Jonah, in his prayer of repentance to YHWH, understood that worshipping anything but God was a violation of his faithfulness; it was worshipping nothingness.

Jonah 2:7-9

“While I was fainting away, I remembered YHWH, and my prayer came to You, into Your holy temple.

Those who regard worthless idols [hav’leh shaw] forsake their faithfulness, but I will sacrifice to You with the voice of thanksgiving. That which I have vowed I will pay. Salvation is from YHWH.”

YHWH wants us to hold onto Him, but so many people dismissed YHWH’s covenants and held onto nothingness:

Deuteronomy 32:18-21a

You neglected the Rock who begot you, and forgot the God who gave you birth. YHWH saw this, and spurned them because of the provocation of His sons and daughters. Then He said, ‘I will hide My face from them, I will see what their end shall be; for they are a perverse generation, sons in whom is no faithfulness. They have made Me jealous with what is not God; they have provoked Me to anger with their idols [vanities: b-hav’lehem]”.

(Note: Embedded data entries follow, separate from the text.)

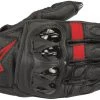 Riding Gear Alpinestars Men’s Celer V2 Black And Fluorescent Red Gloves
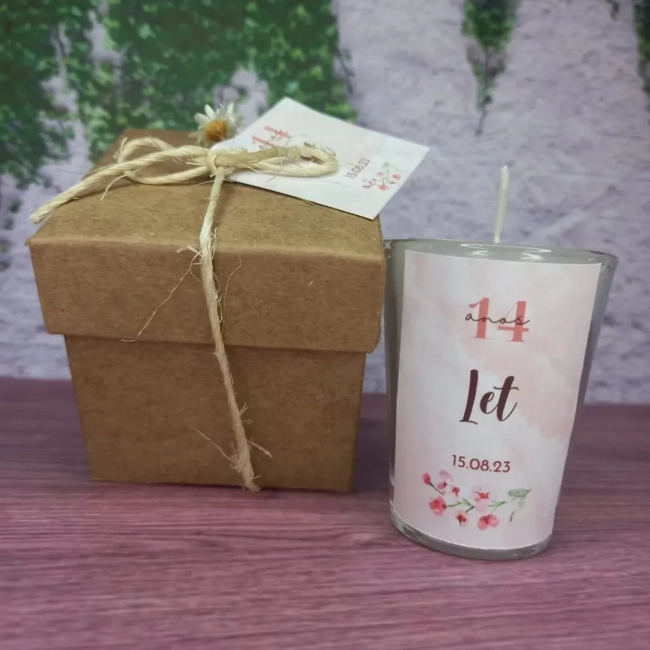 60 Vela Aromática no Copo Lembrancinha Personalizada Aniversári, Batizado,Casamento e etc. Fazemos Qualquer Tema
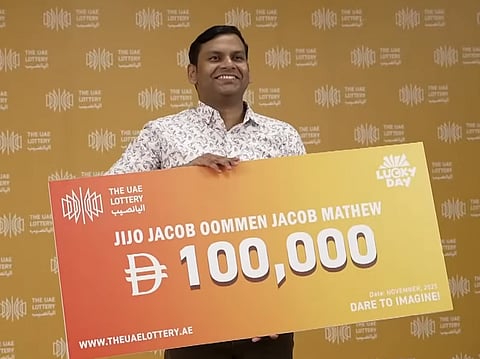 Kerala expat in Dubai bags UAE Lottery win, eyes Dh30 million jackpot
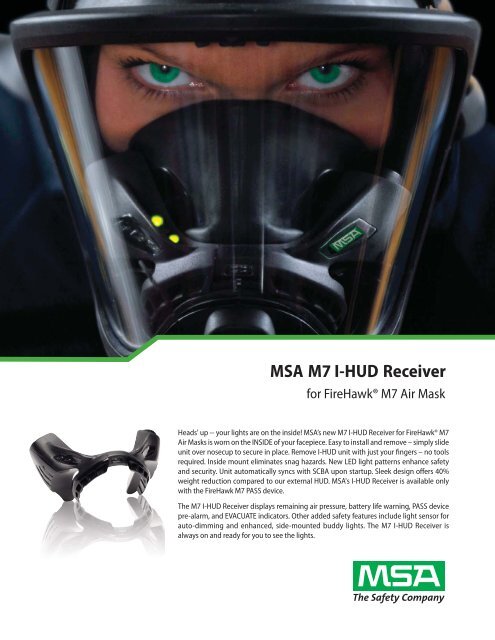 MSA M7 I-HUD Receiver - 5 Alarm Fire and Safety Equipment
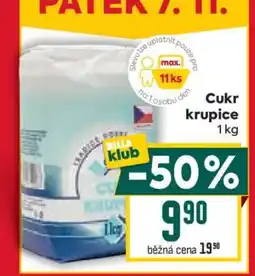 Billa Cukr krupice 1 kg nabídka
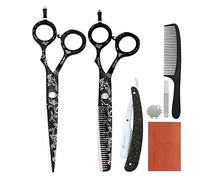 5.5 / 6 "Razor Capelli Forbici per parrucchieri Forbici da parrucchiere Barbiere Salon Styling Scisori Professionale Giapponese Taglioni da taglio per taglio di capelli Shear Shear ( Dimensione : 5,5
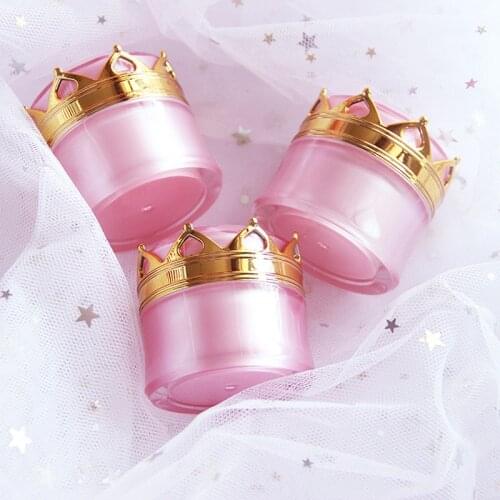 10pcs 5g 10g 15g Cosmetic Makeup Pots Empty Pink Sample Jar Nail Art Containers Eyeshadow Cream Lip Balm Container Storage Box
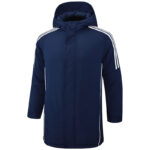 24-25 Royal Blue Hooded Windbreaker Fabric Cotton Coat #G229光板
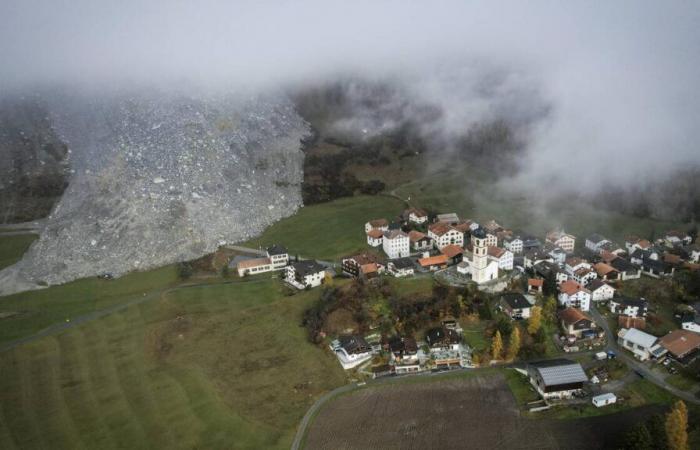 Menacé par un nouveau glissement de terrain, le village de Brienz doit être évacué d’ici dimanche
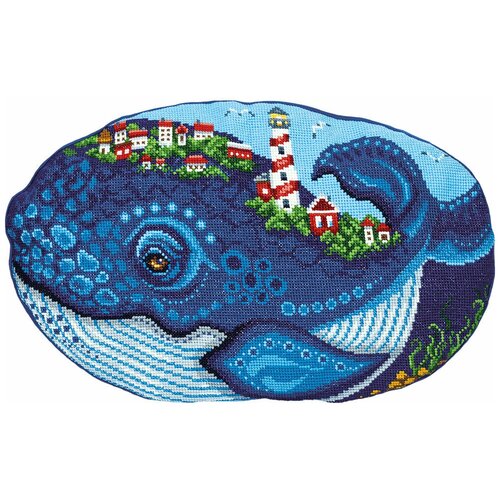 фото Набор для вышивания panna "подушка кит" 43x28,5 см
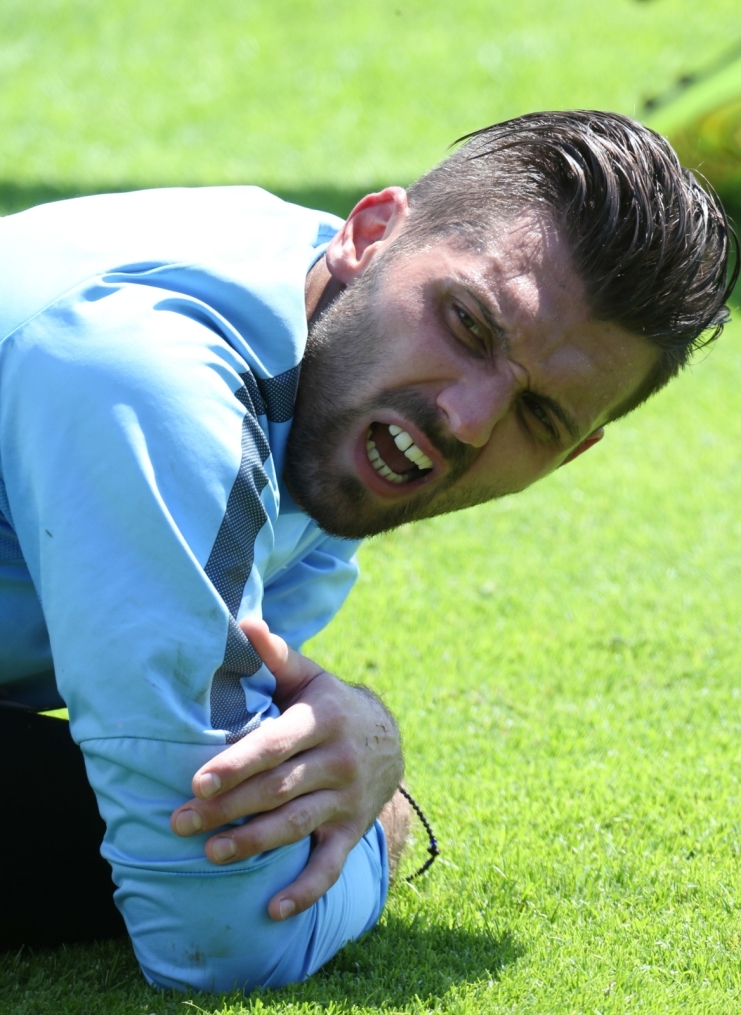 Сборы в Австрии: 16 июля, утренняя тренировка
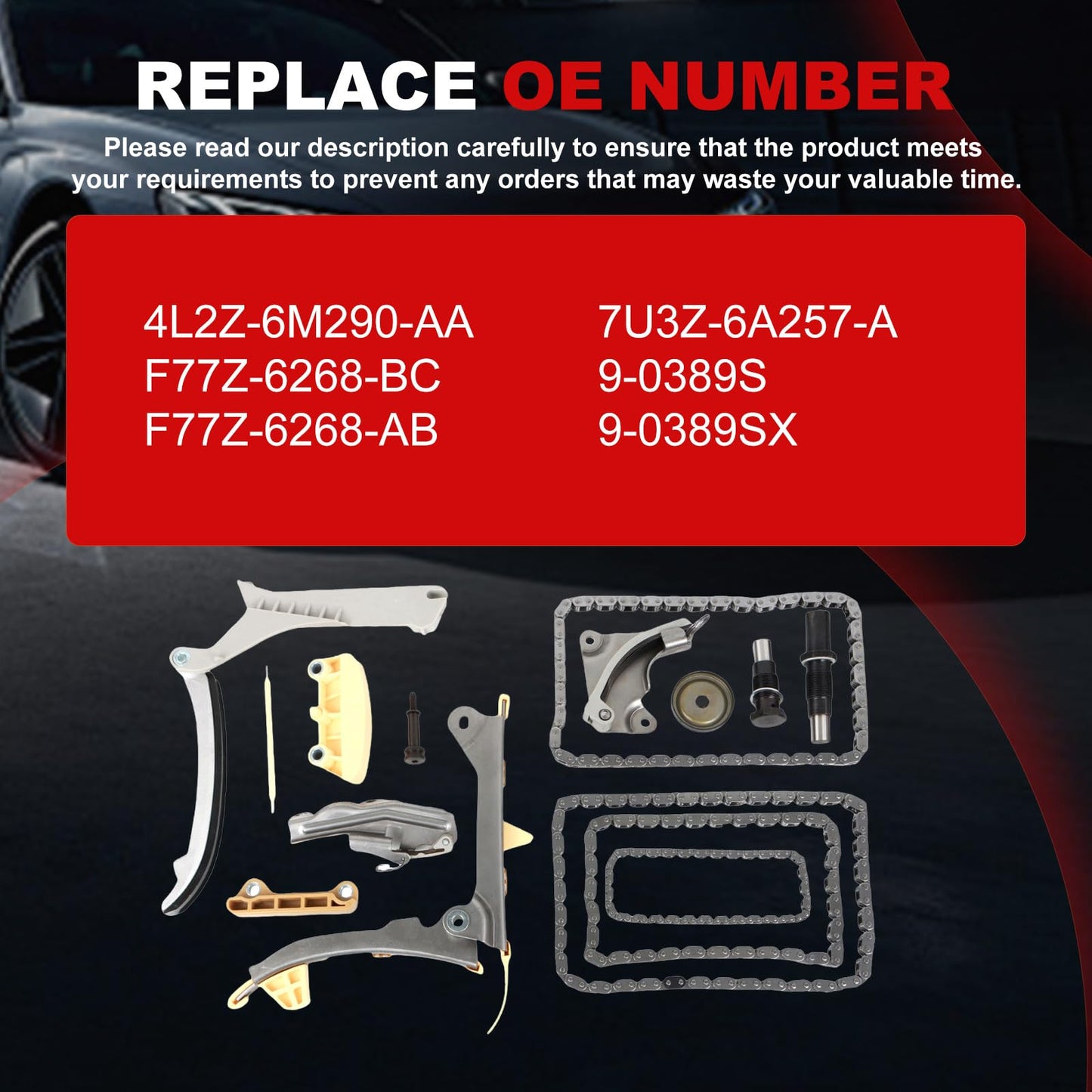 Engine Timing Chain Kit Oil Pump Water Pump Phasers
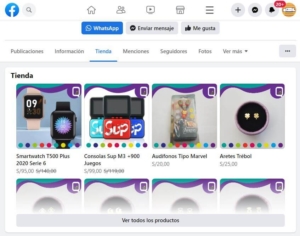 Tienda Virtual en Facebook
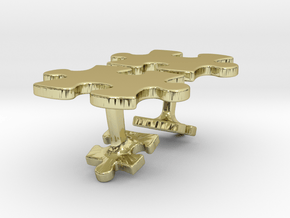 Puzzle Cufflinks in 18K Gold Plated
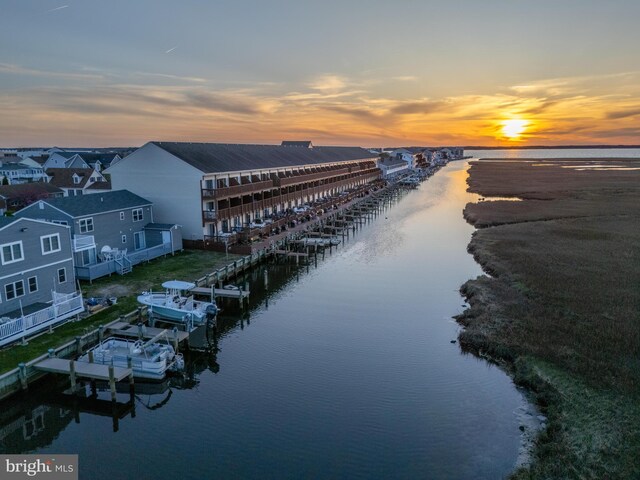 674 94th St Unit 154, Ocean City, MD 21842 - drone / aerial view featuring a water view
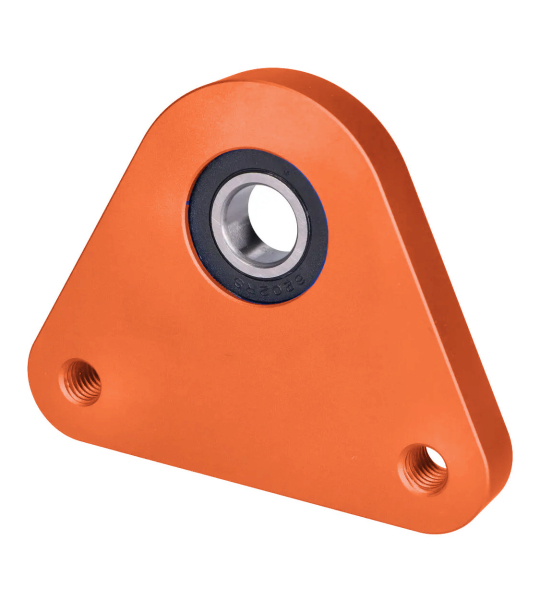 Flanschlager "Race" orange Lager Hinterrad Aluminium Lagerplatte Ciao,Bravo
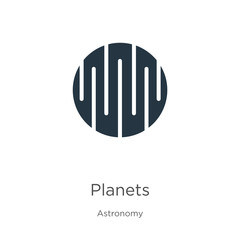 Planets icon vector. Trendy flat planets icon from astronomy collection isolated on white background. Vector illustration can be used for web and mobile graphic design, logo, eps10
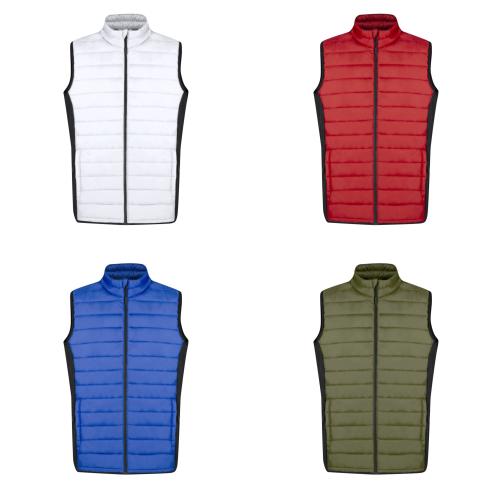 Custom Gilet Bodywarmer wind And Water Resistante Zip Fastening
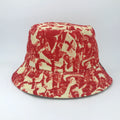 Custom Embroidery Logo Wide Brim Bucket Hat Big Size Fisherman Style 100% Cotton Unisex for Fishing Travel Cartoon All Seasons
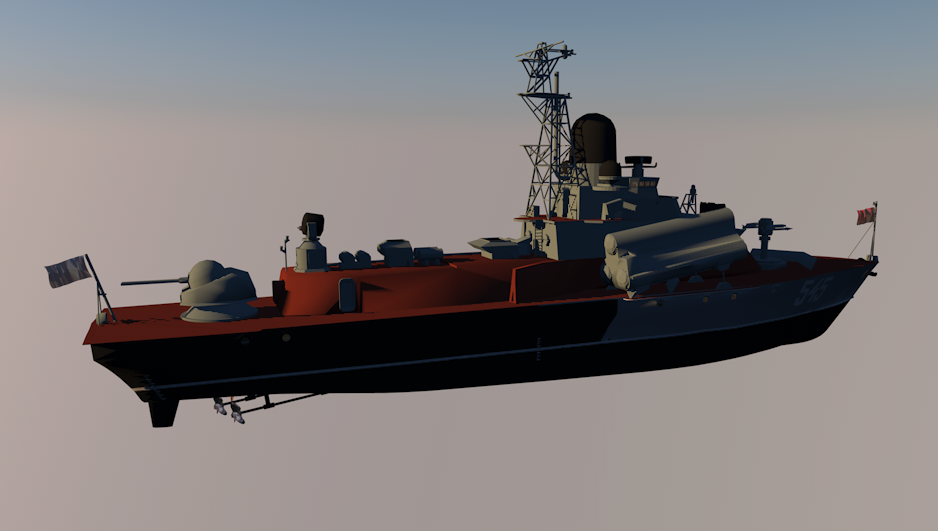 军事模型：军舰 Warship - C4D之家 - Snip20131123_13.png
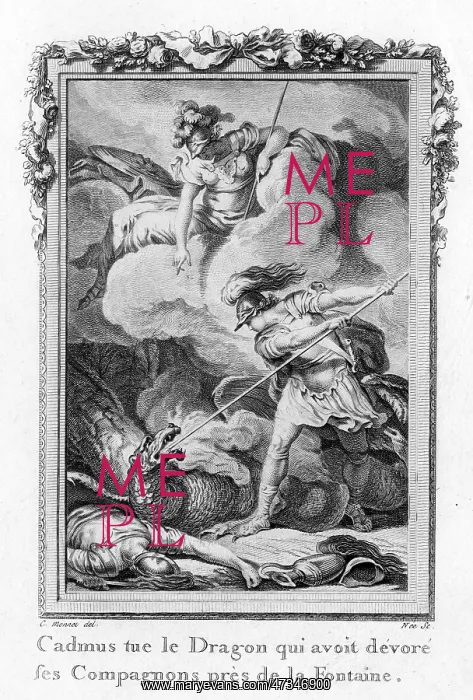 : CADMUS AND THE DRAGON : CADMUS AND THE DRAGON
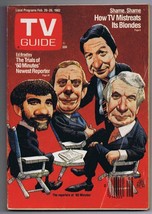 ORIGINAL Vintage TV Guide February 20, 1982 No Label 60 Minutes Ed Bradley - £11.14 GBP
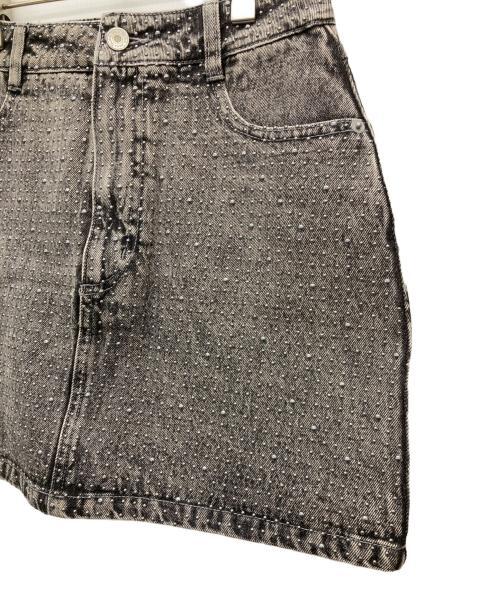 darich（ダーリッチ）darich (ダーリッチ) スタッズデニムベアトップ スタッズデニムミニスカート グレー サイズ:Mの古着・服飾アイテム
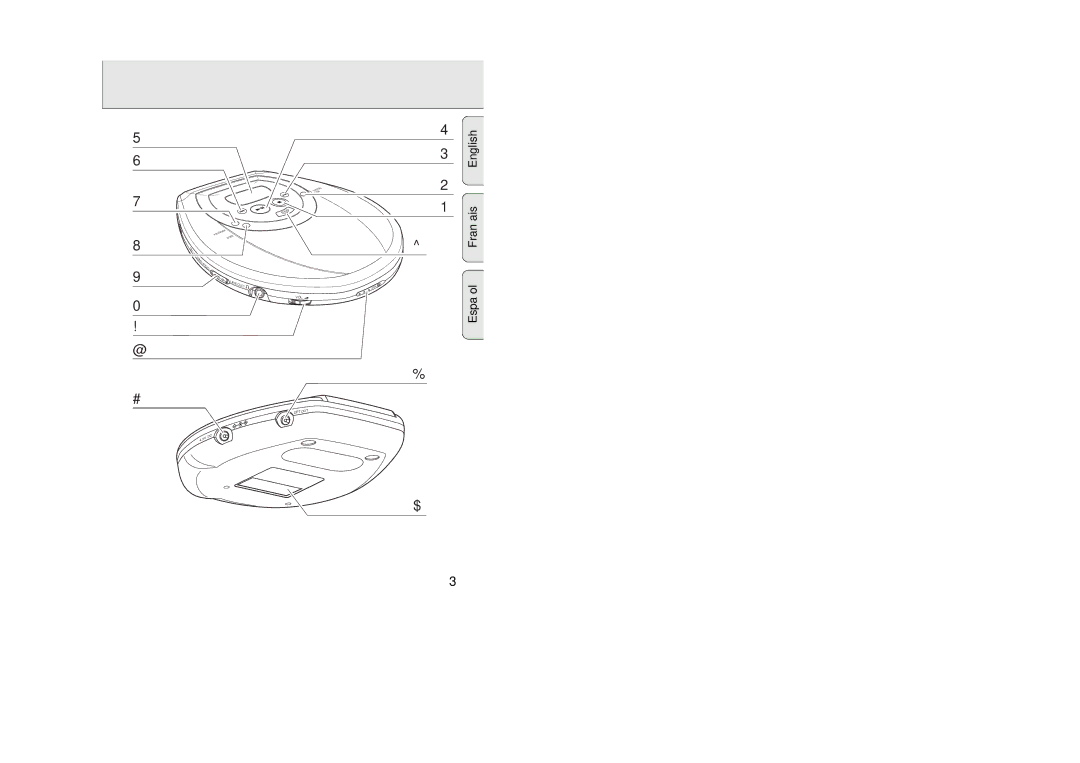 Philips AZ 9235 manual English 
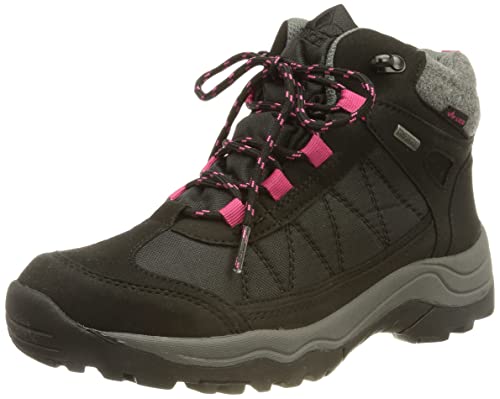 Lico Randers Damskie Śniegowce, czarny/różowy (Pink), 42 EU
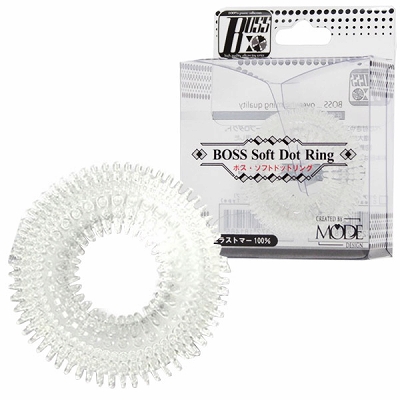 ボス・ソフトドットリング (クリア) ボス・ソフトドットリング (クリア)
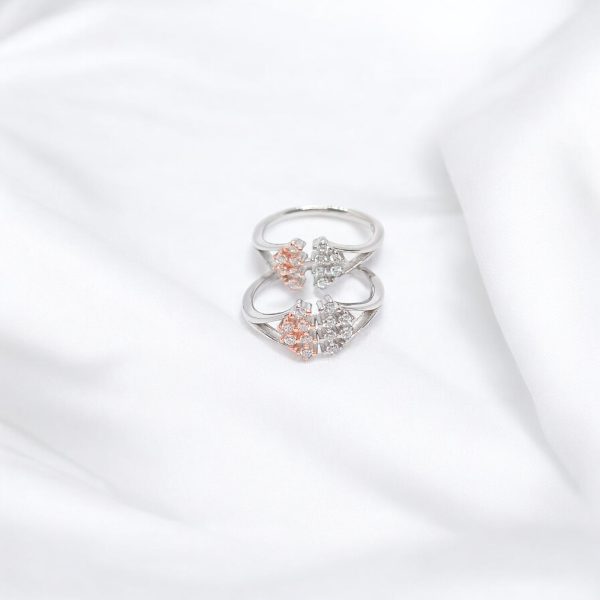 Fancy rose color toe ring - Image 2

They forgot Him so He turned His face away from them; they did not seek Him so He could not be found.

Jeremiah described the making of idols as worthless, delusional, items of vanity:

Jeremiah 10:3-12, 14-15 (see also Jeremiah 51:17-18)

For the customs of the peoples are delusion [hevel]; because it is wood cut from the forest, the work of the hands of a craftsman with a cutting tool. They decorate it with silver and with gold; they fasten it with nails and with hammers so that it will not totter. Like a scarecrow in a cucumber field are they, and they cannot speak; they must be carried, because they cannot walk! Do not fear them, for they can do no harm, nor can they do any good.”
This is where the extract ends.